- Opening Delimiter -

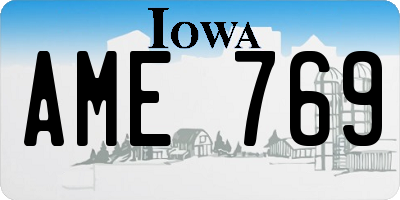 IA license plate AME769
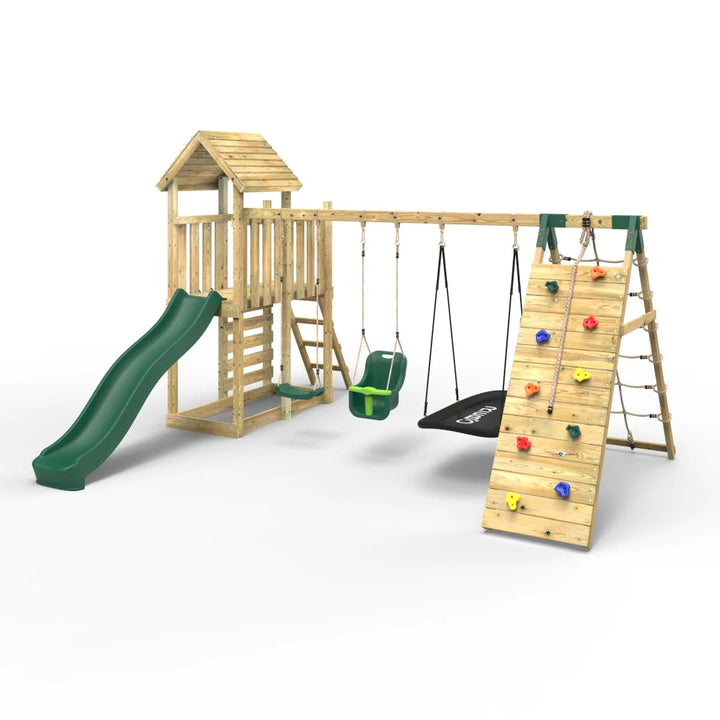 Rebo Wooden Climbing Frame with Swings and Slide Sandford
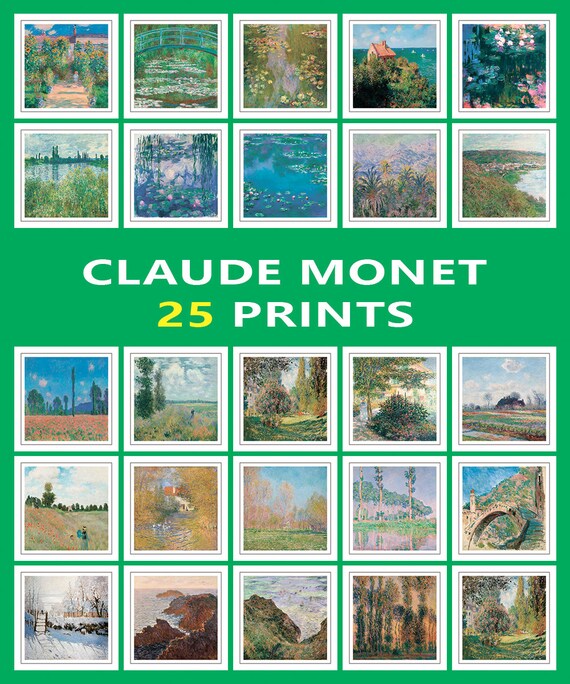 Claude Monet 25 Prints Claude Monet Poster Claude Monet Painting Claude Monet Wall Art Claude Monet Print Monet Landscape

- Closing Delimiter -

[The task]:
What you return must match the material above exactly, apart from its pictures.

[Task result]:
 IA license plate AME769
 Rebo Wooden Climbing Frame with Swings and Slide Sandford
 Claude Monet 25 Prints Claude Monet Poster Claude Monet Painting Claude Monet Wall Art Claude Monet Print Monet Landscape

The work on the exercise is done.